Prenons le cas d’Amisi Musada, ex-chanteur de reggae révolutionnaire. Il possédait une voix unique, un style vibrant, capable de captiver même les plus sceptiques. Un vrai talent brut ! Mais dès sa conversion au protestantisme, tout s’est arrêté. La guitare rangée, les mélodies tues, et la scène devenue un souvenir. Non pas par choix personnel, mais par pression spirituelle.
Et si la foi et l’art pouvaient coexister ?

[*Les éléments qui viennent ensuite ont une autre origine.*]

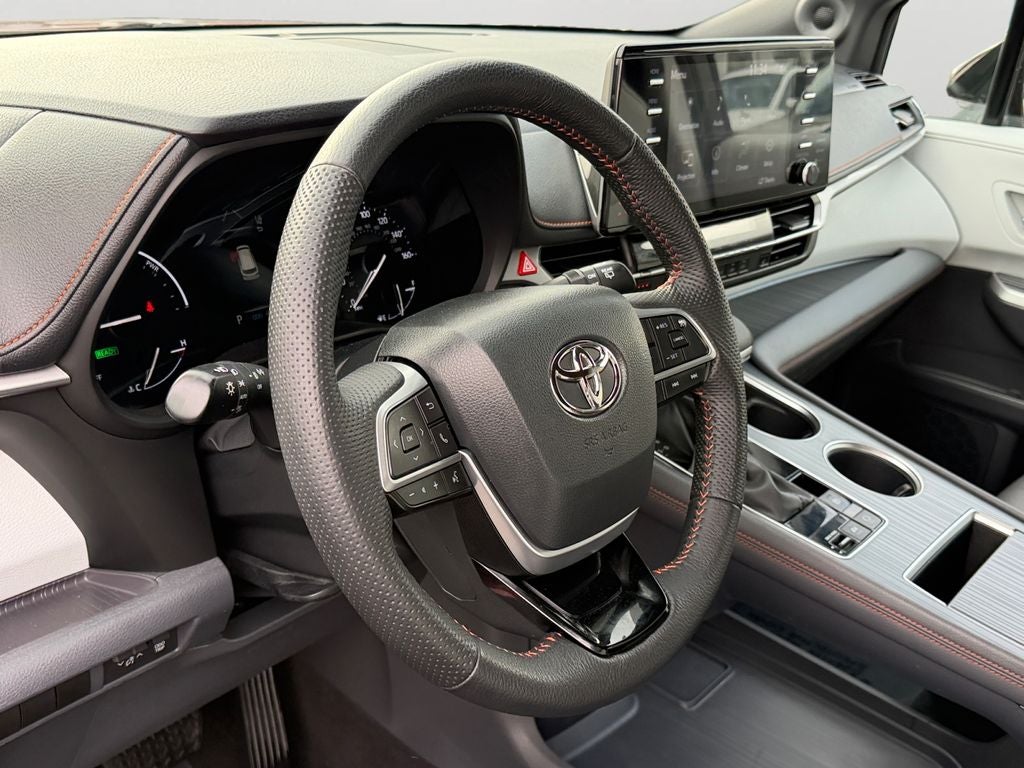 2023 Toyota Sienna XSE 7 Passenger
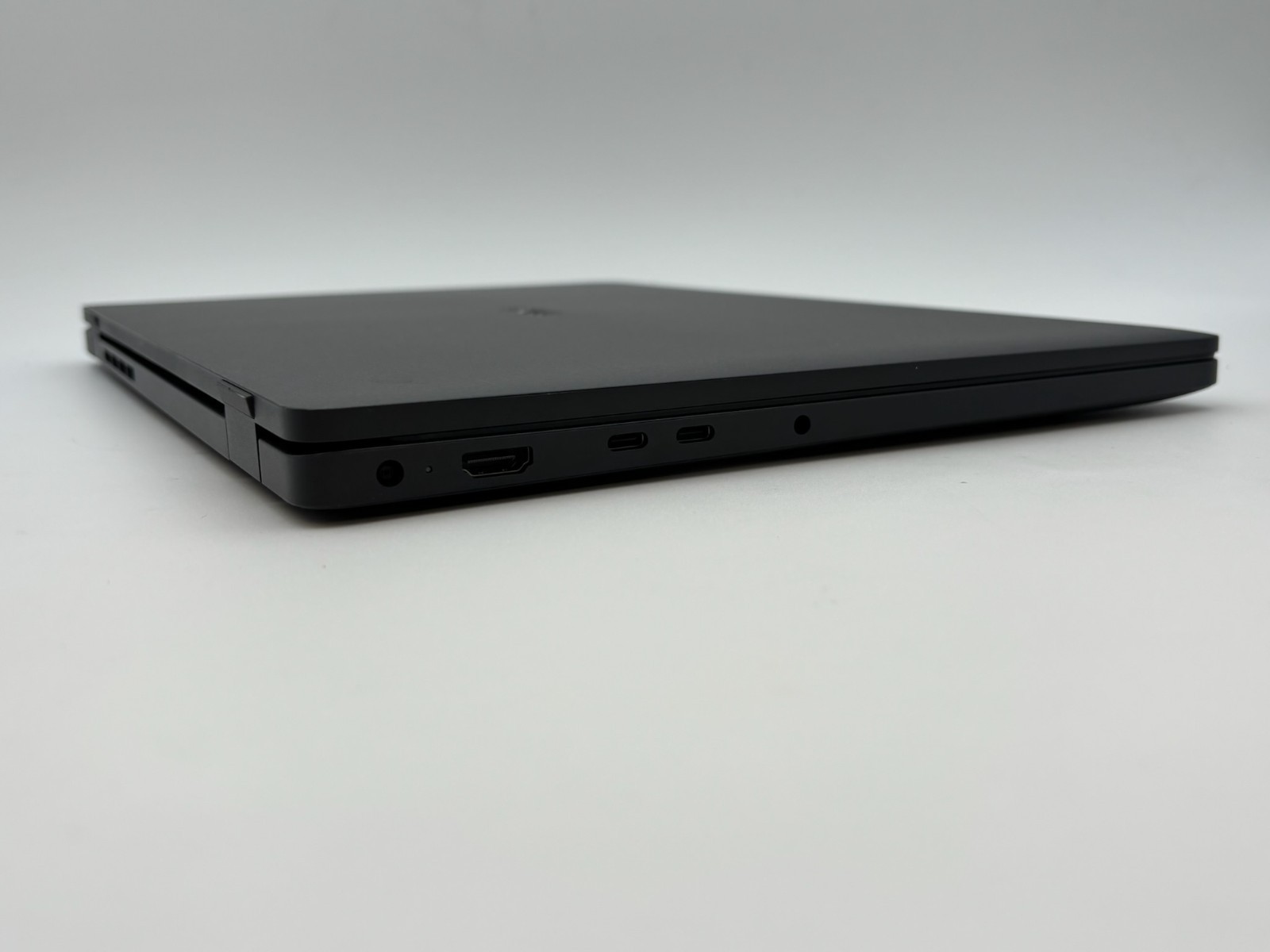 Dell Pro 16 PC16250 16″ 512 GB SSD 16 GB RAM Intel Core 7 150U Windows 11 Pro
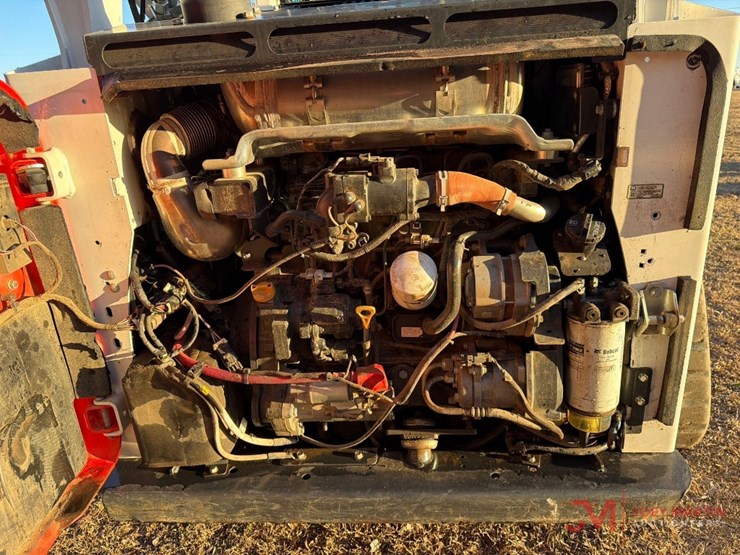 2023-bobcat-t770-image-12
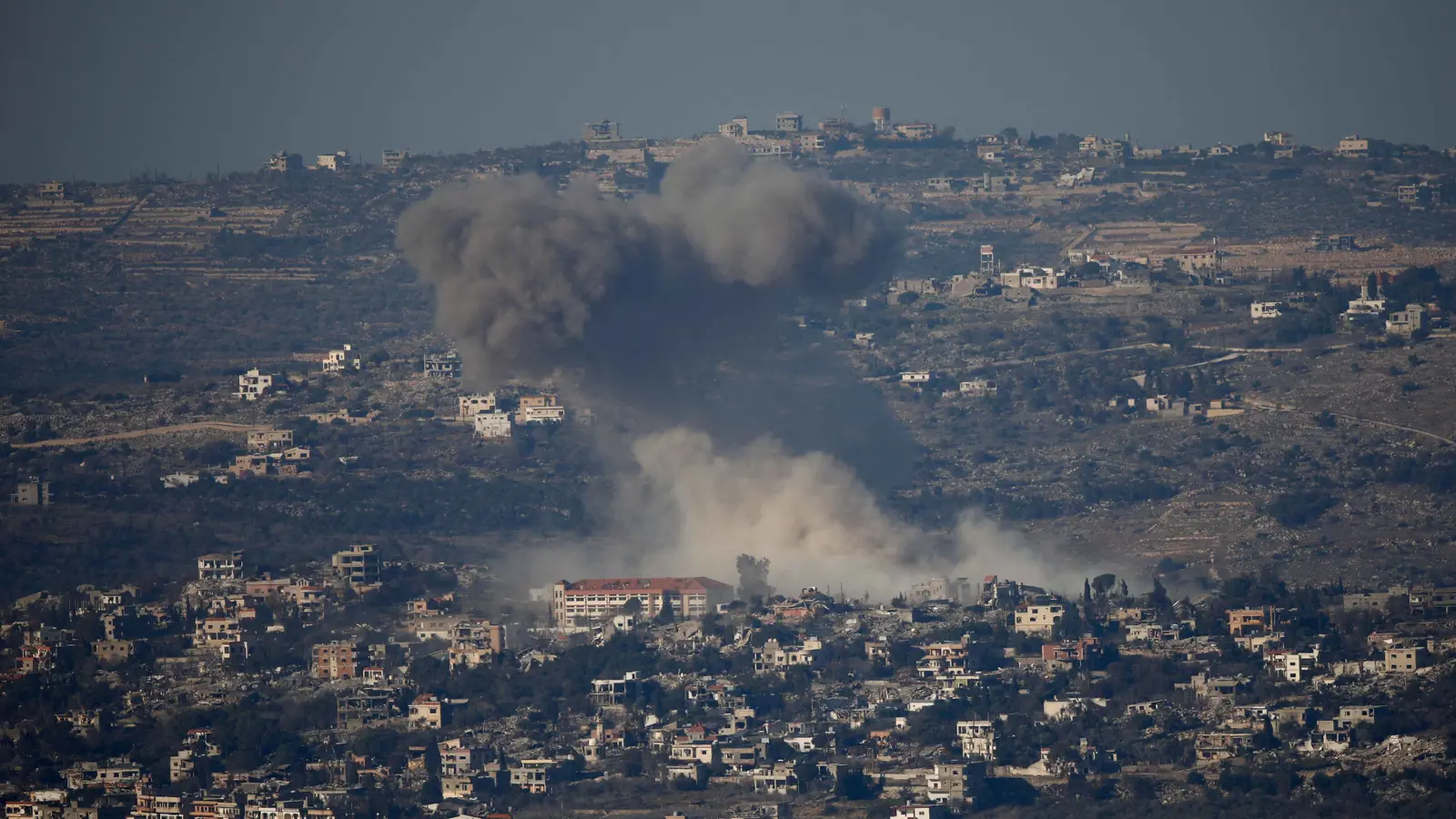 الجيش الإسرائيلي يستهدف موقعين لحزب الله في لبنان‎ (فيديو)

Heureusement, il existe des résistants ! Des artistes qui, bien que convertis, refusent d’abandonner leur art. En titre d’exemple : SM SHOW, aujourd’hui connu sous le nom d’Alphonse MLG. Ancien rappeur urbain de Bukavu, célèbre pour son titre « Panda Remix », il a fait le choix de garder son style, tout en réorientant son message. Résultat ? Un rap gospel puissant, intelligent et toujours aussi musical. Son album « Mtoto wa Yesu » est une preuve vivante que l’on peut chanter Dieu sans perdre son essence artistique. Il est resté lui-même. Et c’est ça, le vrai chemin : transformer sans détruire. Croire sans censurer. Créer sans trahir.
Autre cas admirable : Corneille Akilimali Bufole, alias Cor Akim. Ce chanteur à la voix troublante a, lui aussi, choisi la foi sans renier son don. Il chante le gospel, certes, mais avec le même timbre, la même profondeur et la même émotion. Il n’a pas tué son art, il l’a transformé. Et aujourd’hui, il vit de sa musique… au Kenya.
Le cas paradoxal de Cindy le Cœur
Et si la foi pouvait se vivre autrement ? Prenons l’exemple de Cindy le Cœur, de son vrai nom Candy Nkunku. Artiste complète, à la fois chanteuse, danseuse et directrice artistique. Elle a débuté dans le gospel, aux côtés de Kool Matopé. Mais en 2007, elle décide de rejoindre le Quartier Latin de Koffi Olomidé. Beaucoup ont crié au scandale. Une chrétienne qui rejoint un groupe de rumba ! Horreur !
Mais artistiquement, elle a brillé. Grâce à elle, Koffi Olomidé a conservé un souffle nouveau, et son public s’est élargi. La voix de Cindy, son énergie, sa vision artistique ont propulsé le groupe. Aujourd’hui encore, elle fait partie des rares femmes ayant réussi à s’imposer dans un univers musical dominé par les hommes, et ce, sans renier ses valeurs. Elle n’a pas choisi entre l’art et la foi. Elle a trouvé son équilibre.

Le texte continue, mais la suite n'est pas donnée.